Auf Oskars Besuch angewendet, heißt das:

Wir laden Oskar in eine fremde Wirtschaft, wo ich selbst nur geduldeter Gast bin. Der Vater würde natürlich damit nie übereinstimmen. Nun füge ich mich äußerlich nicht, bleibe draußen, nehme auch Oskar mit, zahle für mich, zahle mit Freude auch für Oskar die Geringfügigkeit, bleibe aber unter der Drohung des Vaters, der das Am-Dorfleben, die Dorf-Winterarbeit u.s.w. nicht versteht, doch so befangen, daß ich z.B. vor Karl, der Anfang Jänner kommen dürfte, sehr verlegen mit Oskar am Arm stehen werde.

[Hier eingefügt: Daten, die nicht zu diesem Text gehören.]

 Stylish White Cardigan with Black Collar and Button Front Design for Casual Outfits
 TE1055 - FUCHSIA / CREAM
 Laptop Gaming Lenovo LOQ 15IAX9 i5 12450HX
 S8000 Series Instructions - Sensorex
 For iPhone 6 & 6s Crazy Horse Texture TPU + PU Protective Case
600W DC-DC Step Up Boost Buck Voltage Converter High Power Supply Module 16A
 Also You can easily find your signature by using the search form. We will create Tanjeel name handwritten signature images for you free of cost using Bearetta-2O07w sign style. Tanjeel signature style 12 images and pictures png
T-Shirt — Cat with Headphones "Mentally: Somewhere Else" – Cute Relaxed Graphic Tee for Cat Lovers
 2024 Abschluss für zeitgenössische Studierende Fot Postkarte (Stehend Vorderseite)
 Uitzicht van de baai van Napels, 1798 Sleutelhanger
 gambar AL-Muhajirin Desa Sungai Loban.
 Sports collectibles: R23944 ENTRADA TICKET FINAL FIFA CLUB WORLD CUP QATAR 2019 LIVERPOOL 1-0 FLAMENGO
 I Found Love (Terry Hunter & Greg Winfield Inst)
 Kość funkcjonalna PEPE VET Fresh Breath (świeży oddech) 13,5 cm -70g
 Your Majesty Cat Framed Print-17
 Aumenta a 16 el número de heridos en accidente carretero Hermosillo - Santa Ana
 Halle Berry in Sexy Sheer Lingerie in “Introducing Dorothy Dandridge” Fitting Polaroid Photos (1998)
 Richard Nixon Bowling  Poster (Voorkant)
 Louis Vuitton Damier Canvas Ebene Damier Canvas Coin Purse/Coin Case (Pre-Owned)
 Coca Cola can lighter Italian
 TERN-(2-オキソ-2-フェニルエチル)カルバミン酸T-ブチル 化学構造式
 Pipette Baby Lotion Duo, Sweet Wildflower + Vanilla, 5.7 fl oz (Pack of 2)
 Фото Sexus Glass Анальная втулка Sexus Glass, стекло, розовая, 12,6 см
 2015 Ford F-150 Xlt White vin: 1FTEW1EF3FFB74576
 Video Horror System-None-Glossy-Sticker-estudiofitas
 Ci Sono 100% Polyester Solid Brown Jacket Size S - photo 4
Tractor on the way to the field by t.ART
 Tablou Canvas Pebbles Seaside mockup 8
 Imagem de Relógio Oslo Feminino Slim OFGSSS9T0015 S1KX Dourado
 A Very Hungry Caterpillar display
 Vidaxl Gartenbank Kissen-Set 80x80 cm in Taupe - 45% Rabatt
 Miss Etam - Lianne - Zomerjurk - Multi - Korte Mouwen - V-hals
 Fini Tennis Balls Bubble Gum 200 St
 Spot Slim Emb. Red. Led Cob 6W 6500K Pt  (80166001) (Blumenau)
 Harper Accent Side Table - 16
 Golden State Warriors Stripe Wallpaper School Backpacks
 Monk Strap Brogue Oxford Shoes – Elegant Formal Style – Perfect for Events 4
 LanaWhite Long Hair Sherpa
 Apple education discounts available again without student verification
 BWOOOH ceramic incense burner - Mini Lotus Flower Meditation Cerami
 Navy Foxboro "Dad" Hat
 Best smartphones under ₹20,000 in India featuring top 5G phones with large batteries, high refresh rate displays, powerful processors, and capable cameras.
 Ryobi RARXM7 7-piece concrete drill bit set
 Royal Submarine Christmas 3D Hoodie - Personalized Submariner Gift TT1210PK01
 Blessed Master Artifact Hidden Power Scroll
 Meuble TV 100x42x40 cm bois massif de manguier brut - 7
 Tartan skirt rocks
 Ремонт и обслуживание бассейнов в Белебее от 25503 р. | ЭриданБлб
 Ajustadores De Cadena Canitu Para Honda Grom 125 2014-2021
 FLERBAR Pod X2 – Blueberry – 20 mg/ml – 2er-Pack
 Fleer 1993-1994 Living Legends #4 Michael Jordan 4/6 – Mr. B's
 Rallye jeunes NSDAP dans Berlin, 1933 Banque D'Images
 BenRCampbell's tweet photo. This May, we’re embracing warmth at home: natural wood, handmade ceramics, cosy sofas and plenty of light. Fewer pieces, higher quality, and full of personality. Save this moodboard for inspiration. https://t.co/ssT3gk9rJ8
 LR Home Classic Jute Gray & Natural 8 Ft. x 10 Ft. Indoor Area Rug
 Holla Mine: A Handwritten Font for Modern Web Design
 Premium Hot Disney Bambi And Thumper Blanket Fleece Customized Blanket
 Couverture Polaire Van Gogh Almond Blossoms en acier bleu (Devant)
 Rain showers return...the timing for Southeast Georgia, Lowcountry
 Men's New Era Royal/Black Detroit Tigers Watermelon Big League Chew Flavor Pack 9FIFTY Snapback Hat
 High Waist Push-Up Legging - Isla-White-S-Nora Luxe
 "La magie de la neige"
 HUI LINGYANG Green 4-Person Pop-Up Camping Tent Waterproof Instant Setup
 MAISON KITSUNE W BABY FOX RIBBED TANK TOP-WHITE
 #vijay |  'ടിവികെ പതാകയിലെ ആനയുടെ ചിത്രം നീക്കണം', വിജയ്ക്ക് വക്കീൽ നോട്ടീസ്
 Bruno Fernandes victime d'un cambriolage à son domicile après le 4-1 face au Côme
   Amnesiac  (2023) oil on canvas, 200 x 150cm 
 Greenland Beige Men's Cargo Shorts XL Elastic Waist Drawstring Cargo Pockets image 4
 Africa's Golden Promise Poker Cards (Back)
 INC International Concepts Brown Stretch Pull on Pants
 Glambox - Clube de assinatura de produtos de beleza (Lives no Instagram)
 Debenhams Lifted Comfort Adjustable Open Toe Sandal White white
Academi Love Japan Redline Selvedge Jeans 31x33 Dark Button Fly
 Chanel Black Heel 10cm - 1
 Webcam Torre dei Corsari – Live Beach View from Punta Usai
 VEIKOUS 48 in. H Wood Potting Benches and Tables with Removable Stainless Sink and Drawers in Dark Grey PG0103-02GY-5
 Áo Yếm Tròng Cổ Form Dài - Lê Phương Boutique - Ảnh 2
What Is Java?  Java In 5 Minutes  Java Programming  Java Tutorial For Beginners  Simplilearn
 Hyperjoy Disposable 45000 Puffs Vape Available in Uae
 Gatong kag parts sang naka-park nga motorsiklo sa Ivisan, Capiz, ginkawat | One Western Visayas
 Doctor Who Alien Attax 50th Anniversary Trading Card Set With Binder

Das muß ich überwinden, da ich vorläufig das Größere nicht überwinden kann. Das wollte ich Dir also sagen.

Ich werde wegen der Anstalt noch paar Tage länger hier bleiben müssen, da ich mit dem Direktor zum erstenmal Dienstag werde sprechen können. Ein Wort zu diesem Brief hätte ich noch gern, es dürfte mich noch in Prag erreichen.

Grüße das Fräulein, Toni, Hermann.

Franz

Der Brief war schon im Kouvert, da habe ich die Mutter nach ihren Sorgen gefragt. Ich bin also doch die Sorge, der Vater war so rücksichtslos ihr alles zu sagen.